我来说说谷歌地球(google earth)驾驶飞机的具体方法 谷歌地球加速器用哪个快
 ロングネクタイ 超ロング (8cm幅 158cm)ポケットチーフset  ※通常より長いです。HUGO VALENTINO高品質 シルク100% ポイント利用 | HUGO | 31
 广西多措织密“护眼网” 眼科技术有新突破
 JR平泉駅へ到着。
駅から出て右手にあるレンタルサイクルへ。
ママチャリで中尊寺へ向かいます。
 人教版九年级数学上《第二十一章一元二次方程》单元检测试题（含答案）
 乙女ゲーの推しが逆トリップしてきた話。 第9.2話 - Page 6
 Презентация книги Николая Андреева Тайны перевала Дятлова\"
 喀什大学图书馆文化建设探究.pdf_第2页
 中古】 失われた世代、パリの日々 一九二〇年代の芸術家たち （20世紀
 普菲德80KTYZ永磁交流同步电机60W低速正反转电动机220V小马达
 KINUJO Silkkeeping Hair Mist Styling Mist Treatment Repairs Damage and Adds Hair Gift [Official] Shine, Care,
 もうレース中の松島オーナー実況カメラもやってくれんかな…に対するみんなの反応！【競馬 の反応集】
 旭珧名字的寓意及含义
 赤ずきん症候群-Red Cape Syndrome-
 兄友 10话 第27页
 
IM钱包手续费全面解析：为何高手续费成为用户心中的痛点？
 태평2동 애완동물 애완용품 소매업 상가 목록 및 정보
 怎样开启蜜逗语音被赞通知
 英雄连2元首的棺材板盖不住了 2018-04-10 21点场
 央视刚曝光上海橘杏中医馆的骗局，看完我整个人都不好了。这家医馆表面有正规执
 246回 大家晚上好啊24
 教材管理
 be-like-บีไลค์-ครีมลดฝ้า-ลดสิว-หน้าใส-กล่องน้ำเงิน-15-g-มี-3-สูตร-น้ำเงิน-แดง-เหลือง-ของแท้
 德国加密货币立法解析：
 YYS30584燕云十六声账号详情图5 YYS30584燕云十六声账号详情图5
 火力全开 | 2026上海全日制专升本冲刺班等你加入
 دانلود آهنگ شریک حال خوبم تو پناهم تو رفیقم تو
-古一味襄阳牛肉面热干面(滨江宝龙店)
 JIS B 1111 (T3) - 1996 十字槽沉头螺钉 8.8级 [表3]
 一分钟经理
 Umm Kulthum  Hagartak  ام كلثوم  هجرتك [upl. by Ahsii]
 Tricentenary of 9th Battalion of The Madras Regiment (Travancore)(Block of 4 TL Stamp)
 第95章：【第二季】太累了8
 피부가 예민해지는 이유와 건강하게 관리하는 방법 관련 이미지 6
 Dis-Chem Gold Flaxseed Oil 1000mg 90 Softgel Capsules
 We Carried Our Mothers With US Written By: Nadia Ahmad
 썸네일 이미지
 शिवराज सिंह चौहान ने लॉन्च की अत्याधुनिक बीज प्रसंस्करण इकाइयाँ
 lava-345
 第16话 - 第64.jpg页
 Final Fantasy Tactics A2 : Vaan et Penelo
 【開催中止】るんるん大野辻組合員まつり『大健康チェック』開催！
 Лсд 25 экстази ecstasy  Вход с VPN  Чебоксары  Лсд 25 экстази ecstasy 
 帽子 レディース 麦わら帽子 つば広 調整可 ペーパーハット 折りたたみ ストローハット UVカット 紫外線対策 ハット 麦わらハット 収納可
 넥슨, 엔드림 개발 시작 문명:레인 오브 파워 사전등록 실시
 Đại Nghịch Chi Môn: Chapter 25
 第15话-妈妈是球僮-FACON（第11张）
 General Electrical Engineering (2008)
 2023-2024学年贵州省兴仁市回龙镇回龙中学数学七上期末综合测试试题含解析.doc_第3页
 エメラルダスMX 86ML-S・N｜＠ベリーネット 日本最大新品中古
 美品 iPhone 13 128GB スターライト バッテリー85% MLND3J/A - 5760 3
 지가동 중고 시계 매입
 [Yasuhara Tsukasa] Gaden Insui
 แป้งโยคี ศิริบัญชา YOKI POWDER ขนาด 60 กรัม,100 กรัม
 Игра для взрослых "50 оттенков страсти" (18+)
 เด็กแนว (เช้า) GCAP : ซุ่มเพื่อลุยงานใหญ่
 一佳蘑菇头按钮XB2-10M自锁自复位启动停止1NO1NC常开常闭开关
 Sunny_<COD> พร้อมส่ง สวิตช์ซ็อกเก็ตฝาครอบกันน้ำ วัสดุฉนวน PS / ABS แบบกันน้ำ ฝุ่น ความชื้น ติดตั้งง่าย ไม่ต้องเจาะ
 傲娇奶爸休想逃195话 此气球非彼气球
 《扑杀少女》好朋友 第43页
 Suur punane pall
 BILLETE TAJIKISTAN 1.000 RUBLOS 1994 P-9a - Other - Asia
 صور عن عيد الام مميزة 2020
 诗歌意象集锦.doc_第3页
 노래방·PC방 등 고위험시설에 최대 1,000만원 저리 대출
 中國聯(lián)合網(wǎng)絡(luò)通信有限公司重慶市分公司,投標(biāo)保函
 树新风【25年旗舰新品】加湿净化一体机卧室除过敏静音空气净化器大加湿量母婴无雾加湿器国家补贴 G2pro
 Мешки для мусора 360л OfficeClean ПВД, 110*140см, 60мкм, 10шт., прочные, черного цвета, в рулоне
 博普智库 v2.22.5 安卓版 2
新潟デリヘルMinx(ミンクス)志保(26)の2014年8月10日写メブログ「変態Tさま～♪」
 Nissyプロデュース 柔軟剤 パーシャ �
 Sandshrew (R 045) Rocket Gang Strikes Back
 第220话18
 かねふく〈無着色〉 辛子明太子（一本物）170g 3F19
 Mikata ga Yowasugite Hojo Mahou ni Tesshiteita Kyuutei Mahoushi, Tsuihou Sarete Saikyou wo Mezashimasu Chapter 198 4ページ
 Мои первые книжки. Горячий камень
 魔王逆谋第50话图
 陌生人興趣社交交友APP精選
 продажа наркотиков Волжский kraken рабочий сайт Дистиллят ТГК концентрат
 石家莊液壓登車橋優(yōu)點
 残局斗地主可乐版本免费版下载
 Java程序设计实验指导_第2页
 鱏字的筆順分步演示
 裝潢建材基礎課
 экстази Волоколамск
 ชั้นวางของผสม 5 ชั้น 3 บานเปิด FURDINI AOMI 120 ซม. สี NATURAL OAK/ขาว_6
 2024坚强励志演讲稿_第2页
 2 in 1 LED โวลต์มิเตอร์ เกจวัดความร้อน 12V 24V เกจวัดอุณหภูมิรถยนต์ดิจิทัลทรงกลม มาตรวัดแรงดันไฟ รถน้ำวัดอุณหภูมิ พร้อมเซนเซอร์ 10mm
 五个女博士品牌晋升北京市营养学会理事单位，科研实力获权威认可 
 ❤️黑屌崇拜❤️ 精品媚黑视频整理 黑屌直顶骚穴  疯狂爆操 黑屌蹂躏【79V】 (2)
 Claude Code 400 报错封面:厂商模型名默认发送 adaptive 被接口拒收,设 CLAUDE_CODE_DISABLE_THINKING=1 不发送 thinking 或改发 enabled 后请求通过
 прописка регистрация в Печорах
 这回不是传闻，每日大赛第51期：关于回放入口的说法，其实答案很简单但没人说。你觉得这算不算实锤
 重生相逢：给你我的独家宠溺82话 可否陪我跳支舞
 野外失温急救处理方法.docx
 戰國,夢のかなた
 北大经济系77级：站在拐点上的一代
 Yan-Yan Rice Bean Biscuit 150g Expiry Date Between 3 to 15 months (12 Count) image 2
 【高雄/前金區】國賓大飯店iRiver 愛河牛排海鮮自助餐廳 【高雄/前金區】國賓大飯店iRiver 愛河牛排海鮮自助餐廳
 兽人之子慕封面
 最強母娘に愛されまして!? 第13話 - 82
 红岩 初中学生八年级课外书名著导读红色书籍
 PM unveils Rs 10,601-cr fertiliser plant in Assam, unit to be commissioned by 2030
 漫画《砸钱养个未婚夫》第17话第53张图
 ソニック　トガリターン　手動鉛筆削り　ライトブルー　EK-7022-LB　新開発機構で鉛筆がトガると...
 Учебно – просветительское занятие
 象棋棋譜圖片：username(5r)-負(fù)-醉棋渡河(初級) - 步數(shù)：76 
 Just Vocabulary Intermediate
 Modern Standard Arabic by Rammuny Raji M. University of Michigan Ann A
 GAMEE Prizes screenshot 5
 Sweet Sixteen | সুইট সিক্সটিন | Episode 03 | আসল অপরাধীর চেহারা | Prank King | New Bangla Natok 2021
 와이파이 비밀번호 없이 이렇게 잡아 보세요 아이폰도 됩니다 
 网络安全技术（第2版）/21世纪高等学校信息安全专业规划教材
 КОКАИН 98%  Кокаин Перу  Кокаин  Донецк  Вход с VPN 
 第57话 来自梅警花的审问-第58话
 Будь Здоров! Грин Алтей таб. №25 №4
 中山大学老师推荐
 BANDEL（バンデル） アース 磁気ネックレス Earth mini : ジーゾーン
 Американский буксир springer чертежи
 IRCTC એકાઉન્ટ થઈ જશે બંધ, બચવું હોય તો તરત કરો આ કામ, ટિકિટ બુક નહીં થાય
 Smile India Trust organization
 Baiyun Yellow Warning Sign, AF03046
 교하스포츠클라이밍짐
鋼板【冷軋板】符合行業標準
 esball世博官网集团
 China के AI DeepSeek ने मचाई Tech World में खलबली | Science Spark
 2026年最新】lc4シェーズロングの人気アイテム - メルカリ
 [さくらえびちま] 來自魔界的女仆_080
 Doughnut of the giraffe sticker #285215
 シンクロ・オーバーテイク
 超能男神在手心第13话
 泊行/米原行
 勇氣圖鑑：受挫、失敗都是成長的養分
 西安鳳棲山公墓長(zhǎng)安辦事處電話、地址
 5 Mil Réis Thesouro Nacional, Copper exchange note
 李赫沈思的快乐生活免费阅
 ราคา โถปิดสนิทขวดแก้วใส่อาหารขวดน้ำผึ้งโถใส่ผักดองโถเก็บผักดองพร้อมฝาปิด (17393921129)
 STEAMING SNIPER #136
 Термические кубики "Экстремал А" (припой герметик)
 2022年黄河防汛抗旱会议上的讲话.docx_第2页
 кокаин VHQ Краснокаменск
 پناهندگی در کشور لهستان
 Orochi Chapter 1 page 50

* [WHAT TO WORK ON]: Nothing but a number is needed: tally the lines of the listing that contain "Вход".

* [RESPONSE BELOW]: 2